**Records for the task:**
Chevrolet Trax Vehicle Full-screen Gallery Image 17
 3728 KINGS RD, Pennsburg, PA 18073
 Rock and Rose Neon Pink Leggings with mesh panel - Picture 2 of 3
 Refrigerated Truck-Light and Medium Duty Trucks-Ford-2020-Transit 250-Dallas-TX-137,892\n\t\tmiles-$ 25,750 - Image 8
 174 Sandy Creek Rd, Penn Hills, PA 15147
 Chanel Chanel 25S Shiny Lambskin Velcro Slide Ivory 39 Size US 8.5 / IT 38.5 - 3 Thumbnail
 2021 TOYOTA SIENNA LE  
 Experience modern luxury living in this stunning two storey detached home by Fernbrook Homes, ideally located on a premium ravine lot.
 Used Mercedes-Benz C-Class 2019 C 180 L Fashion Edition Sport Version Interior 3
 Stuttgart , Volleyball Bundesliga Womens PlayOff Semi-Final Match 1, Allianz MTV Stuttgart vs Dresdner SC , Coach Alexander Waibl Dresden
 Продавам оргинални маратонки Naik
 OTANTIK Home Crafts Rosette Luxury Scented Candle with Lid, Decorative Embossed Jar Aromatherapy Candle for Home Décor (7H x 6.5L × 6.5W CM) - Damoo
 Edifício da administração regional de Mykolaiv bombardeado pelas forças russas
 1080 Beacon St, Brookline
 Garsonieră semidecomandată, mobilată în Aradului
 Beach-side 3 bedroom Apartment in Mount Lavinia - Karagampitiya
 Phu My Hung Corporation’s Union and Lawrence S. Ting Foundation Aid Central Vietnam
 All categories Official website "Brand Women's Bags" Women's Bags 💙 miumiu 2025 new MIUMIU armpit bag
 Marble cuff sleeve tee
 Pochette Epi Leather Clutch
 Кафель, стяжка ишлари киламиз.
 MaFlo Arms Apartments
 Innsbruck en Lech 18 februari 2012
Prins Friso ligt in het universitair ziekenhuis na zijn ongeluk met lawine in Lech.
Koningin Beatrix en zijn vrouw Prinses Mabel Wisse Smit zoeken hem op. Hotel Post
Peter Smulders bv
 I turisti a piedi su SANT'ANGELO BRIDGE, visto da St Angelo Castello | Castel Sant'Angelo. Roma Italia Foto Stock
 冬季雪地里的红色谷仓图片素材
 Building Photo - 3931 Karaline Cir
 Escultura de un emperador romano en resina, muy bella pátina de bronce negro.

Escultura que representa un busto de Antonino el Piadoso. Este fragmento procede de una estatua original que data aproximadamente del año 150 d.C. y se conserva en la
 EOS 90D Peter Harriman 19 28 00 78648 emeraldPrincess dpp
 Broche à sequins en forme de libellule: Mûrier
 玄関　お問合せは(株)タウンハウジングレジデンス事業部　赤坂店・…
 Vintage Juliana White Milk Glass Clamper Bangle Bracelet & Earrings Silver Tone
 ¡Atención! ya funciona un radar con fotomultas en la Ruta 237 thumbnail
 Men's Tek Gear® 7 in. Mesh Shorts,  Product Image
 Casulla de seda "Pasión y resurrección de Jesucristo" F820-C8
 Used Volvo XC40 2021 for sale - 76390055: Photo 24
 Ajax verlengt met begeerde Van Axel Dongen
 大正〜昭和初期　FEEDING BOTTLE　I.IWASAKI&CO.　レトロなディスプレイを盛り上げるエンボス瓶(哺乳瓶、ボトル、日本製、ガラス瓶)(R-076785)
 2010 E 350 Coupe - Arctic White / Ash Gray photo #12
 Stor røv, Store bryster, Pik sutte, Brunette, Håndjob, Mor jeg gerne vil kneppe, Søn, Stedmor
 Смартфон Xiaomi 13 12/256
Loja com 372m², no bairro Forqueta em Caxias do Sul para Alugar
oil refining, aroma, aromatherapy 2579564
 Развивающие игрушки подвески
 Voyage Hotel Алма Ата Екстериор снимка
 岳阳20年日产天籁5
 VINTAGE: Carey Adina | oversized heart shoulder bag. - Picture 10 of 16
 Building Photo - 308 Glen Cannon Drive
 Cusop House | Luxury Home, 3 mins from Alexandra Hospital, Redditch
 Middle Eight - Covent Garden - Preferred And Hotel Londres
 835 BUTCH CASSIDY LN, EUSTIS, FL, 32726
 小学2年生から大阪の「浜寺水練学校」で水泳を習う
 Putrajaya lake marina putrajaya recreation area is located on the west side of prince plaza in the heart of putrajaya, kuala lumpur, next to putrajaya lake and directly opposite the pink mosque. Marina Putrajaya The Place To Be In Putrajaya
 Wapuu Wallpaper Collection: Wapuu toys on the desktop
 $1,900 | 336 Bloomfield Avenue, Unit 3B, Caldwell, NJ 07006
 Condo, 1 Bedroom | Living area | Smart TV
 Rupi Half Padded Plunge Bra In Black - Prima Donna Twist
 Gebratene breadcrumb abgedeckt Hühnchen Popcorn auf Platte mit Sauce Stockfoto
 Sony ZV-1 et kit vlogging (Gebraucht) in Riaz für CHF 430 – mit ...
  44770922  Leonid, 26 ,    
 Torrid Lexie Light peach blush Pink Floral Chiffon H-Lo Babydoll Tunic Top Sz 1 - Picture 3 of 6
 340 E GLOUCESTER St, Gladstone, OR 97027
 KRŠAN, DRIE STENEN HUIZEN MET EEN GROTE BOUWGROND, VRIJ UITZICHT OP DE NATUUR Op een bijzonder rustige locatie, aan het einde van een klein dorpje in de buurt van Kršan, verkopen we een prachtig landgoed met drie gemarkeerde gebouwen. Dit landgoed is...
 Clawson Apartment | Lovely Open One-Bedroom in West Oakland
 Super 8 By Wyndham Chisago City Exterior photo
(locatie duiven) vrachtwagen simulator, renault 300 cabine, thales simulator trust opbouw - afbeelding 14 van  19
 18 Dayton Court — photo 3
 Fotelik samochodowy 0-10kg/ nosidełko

**Directions:** Output all of the records exactly, with nothing omitted.

**Response:**
Chevrolet Trax Vehicle Full-screen Gallery Image 17
 3728 KINGS RD, Pennsburg, PA 18073
 Rock and Rose Neon Pink Leggings with mesh panel - Picture 2 of 3
 Refrigerated Truck-Light and Medium Duty Trucks-Ford-2020-Transit 250-Dallas-TX-137,892\n\t\tmiles-$ 25,750 - Image 8
 174 Sandy Creek Rd, Penn Hills, PA 15147
 Chanel Chanel 25S Shiny Lambskin Velcro Slide Ivory 39 Size US 8.5 / IT 38.5 - 3 Thumbnail
 2021 TOYOTA SIENNA LE  
 Experience modern luxury living in this stunning two storey detached home by Fernbrook Homes, ideally located on a premium ravine lot.
 Used Mercedes-Benz C-Class 2019 C 180 L Fashion Edition Sport Version Interior 3
 Stuttgart , Volleyball Bundesliga Womens PlayOff Semi-Final Match 1, Allianz MTV Stuttgart vs Dresdner SC , Coach Alexander Waibl Dresden
 Продавам оргинални маратонки Naik
 OTANTIK Home Crafts Rosette Luxury Scented Candle with Lid, Decorative Embossed Jar Aromatherapy Candle for Home Décor (7H x 6.5L × 6.5W CM) - Damoo
 Edifício da administração regional de Mykolaiv bombardeado pelas forças russas
 1080 Beacon St, Brookline
 Garsonieră semidecomandată, mobilată în Aradului
 Beach-side 3 bedroom Apartment in Mount Lavinia - Karagampitiya
 Phu My Hung Corporation’s Union and Lawrence S. Ting Foundation Aid Central Vietnam
 All categories Official website "Brand Women's Bags" Women's Bags 💙 miumiu 2025 new MIUMIU armpit bag
 Marble cuff sleeve tee
 Pochette Epi Leather Clutch
 Кафель, стяжка ишлари киламиз.
 MaFlo Arms Apartments
 Innsbruck en Lech 18 februari 2012
Prins Friso ligt in het universitair ziekenhuis na zijn ongeluk met lawine in Lech.
Koningin Beatrix en zijn vrouw Prinses Mabel Wisse Smit zoeken hem op. Hotel Post
Peter Smulders bv
 I turisti a piedi su SANT'ANGELO BRIDGE, visto da St Angelo Castello | Castel Sant'Angelo. Roma Italia Foto Stock
 冬季雪地里的红色谷仓图片素材
 Building Photo - 3931 Karaline Cir
 Escultura de un emperador romano en resina, muy bella pátina de bronce negro.

Escultura que representa un busto de Antonino el Piadoso. Este fragmento procede de una estatua original que data aproximadamente del año 150 d.C. y se conserva en la
 EOS 90D Peter Harriman 19 28 00 78648 emeraldPrincess dpp
 Broche à sequins en forme de libellule: Mûrier
 玄関　お問合せは(株)タウンハウジングレジデンス事業部　赤坂店・…
 Vintage Juliana White Milk Glass Clamper Bangle Bracelet & Earrings Silver Tone
 ¡Atención! ya funciona un radar con fotomultas en la Ruta 237 thumbnail
 Men's Tek Gear® 7 in. Mesh Shorts,  Product Image
 Casulla de seda "Pasión y resurrección de Jesucristo" F820-C8
 Used Volvo XC40 2021 for sale - 76390055: Photo 24
 Ajax verlengt met begeerde Van Axel Dongen
 大正〜昭和初期　FEEDING BOTTLE　I.IWASAKI&CO.　レトロなディスプレイを盛り上げるエンボス瓶(哺乳瓶、ボトル、日本製、ガラス瓶)(R-076785)
 2010 E 350 Coupe - Arctic White / Ash Gray photo #12
 Stor røv, Store bryster, Pik sutte, Brunette, Håndjob, Mor jeg gerne vil kneppe, Søn, Stedmor
 Смартфон Xiaomi 13 12/256
Loja com 372m², no bairro Forqueta em Caxias do Sul para Alugar
oil refining, aroma, aromatherapy 2579564
 Развивающие игрушки подвески
 Voyage Hotel Алма Ата Екстериор снимка
 岳阳20年日产天籁5
 VINTAGE: Carey Adina | oversized heart shoulder bag. - Picture 10 of 16
 Building Photo - 308 Glen Cannon Drive
 Cusop House | Luxury Home, 3 mins from Alexandra Hospital, Redditch
 Middle Eight - Covent Garden - Preferred And Hotel Londres
 835 BUTCH CASSIDY LN, EUSTIS, FL, 32726
 小学2年生から大阪の「浜寺水練学校」で水泳を習う
 Putrajaya lake marina putrajaya recreation area is located on the west side of prince plaza in the heart of putrajaya, kuala lumpur, next to putrajaya lake and directly opposite the pink mosque. Marina Putrajaya The Place To Be In Putrajaya
 Wapuu Wallpaper Collection: Wapuu toys on the desktop
 $1,900 | 336 Bloomfield Avenue, Unit 3B, Caldwell, NJ 07006
 Condo, 1 Bedroom | Living area | Smart TV
 Rupi Half Padded Plunge Bra In Black - Prima Donna Twist
 Gebratene breadcrumb abgedeckt Hühnchen Popcorn auf Platte mit Sauce Stockfoto
 Sony ZV-1 et kit vlogging (Gebraucht) in Riaz für CHF 430 – mit ...
  44770922  Leonid, 26 ,    
 Torrid Lexie Light peach blush Pink Floral Chiffon H-Lo Babydoll Tunic Top Sz 1 - Picture 3 of 6
 340 E GLOUCESTER St, Gladstone, OR 97027
 KRŠAN, DRIE STENEN HUIZEN MET EEN GROTE BOUWGROND, VRIJ UITZICHT OP DE NATUUR Op een bijzonder rustige locatie, aan het einde van een klein dorpje in de buurt van Kršan, verkopen we een prachtig landgoed met drie gemarkeerde gebouwen. Dit landgoed is...
 Clawson Apartment | Lovely Open One-Bedroom in West Oakland
 Super 8 By Wyndham Chisago City Exterior photo
(locatie duiven) vrachtwagen simulator, renault 300 cabine, thales simulator trust opbouw - afbeelding 14 van  19
 18 Dayton Court — photo 3
 Fotelik samochodowy 0-10kg/ nosidełko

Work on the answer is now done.